Beitragvon frems » Fr 29. Dez 2017, 13:01

Ganz informatives Interview zum Thema erschien kürzlich in der ZEIT. Ein Ausschnitt:

Christian Hochfeld: Für die Herstellung von Batterien für Elektrofahrzeuge werden nach derzeitigem Stand der Technik einige Rohstoffe benötigt, die heute im Automobilbau keine große Rolle spielen: unter anderem Lithium, Nickel, Kobalt und Grafit.

Wir haben untersucht, wie viele Reserven es davon gibt, also welche Mengen bereits heute wirtschaftlich zu gewinnen sind – und darüber hinaus, wie groß der Ressourcenvorrat ist, also jene Mengen, die heute noch nicht wirtschaftlich gewinnbar sind. Beide Größen haben wir – basierend auf Daten der Internationalen Energieagentur – mit dem bis 2030 und 2050 weltweit prognostizierten Bedarf verglichen. Und bei allen Materialien kommen wir zu dem Ergebnis, dass es keine physischen Knappheiten geben wird; nicht einmal, wenn 2030 weltweit 40-mal so viele E-Autos in den Markt kommen wie 2015 und 2050 mehr als 100-mal so viele. [...]

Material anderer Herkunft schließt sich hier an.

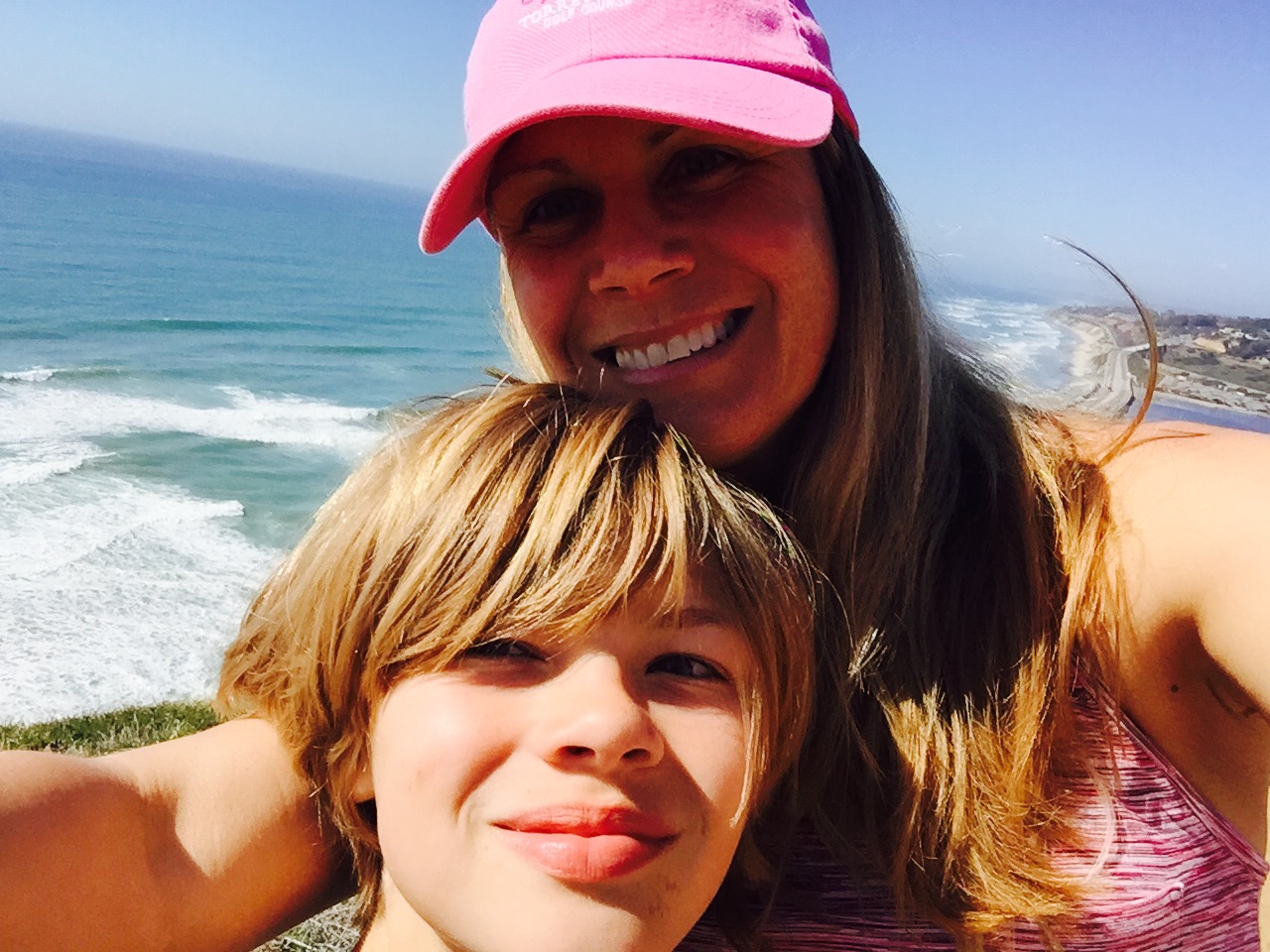 Jennifer Harney (with oldest son Miles) I coach: Team Rogue in Cedar Park Background: I started running as kid with my mom and have loved running & coaching every event from the 400m to the marathon. Years Coaching & Philosophy: 16 yrs; Balance your life & running so you can enjoy them both long-term. Best advice for new Rogues: Have patience...don't rush the process. Most memorable run/race: All of them. Interesting fact: I can quote both films entirely - Field of Dreams & Beverley Hills Cop.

ZEIT ONLINE: Was macht Sie so sicher, dass die Knappheiten nur vorübergehend auftreten werden?

Hochfeld: Es gibt ein Beispiel aus der Vergangenheit, das zeigt, wie der Mechanismus funktioniert. Vor ein paar Jahren hat China das Angebot an Seltenen Erden, die unter anderem für die Produktion von Elektromotoren gebraucht werden, bewusst verknappt. Hintergrund war ein geopolitischer Streit mit Japan, der über Wochen hinweg schwelte. Für die Industrie war das ein Schock. Sie hat schnell nach Alternativen gesucht. Heute werden die Seltenen Erden viel effizienter genutzt...

ZEIT ONLINE: ... das heißt, man braucht weniger davon ...

Hochfeld: ... und vor allem: Heute ist die Industrie in der Lage, auf Elektromotoren umzuschwenken, die völlig ohne den Einsatz von Seltenen Erden funktionieren, falls es erneut zu einem Engpass kommen sollte.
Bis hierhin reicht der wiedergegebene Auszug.